[Recorded data]
• • • • • • •
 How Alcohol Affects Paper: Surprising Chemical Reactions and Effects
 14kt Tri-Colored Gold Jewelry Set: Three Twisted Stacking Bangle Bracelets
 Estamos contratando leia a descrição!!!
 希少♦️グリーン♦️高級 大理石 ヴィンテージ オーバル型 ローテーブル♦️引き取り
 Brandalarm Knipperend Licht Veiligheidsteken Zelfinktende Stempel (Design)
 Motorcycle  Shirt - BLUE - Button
• • • • • • •
# PROBLEM STATEMENT:
Copy exactly the line that contains "希少♦️グリーン♦️高級 大理石 ヴィンテージ オーバル型 ローテーブル♦️引き取り" and every line after it through the end of the entries, with nothing added.

# TASK SOLUTION:
 希少♦️グリーン♦️高級 大理石 ヴィンテージ オーバル型 ローテーブル♦️引き取り
 Brandalarm Knipperend Licht Veiligheidsteken Zelfinktende Stempel (Design)
 Motorcycle  Shirt - BLUE - Button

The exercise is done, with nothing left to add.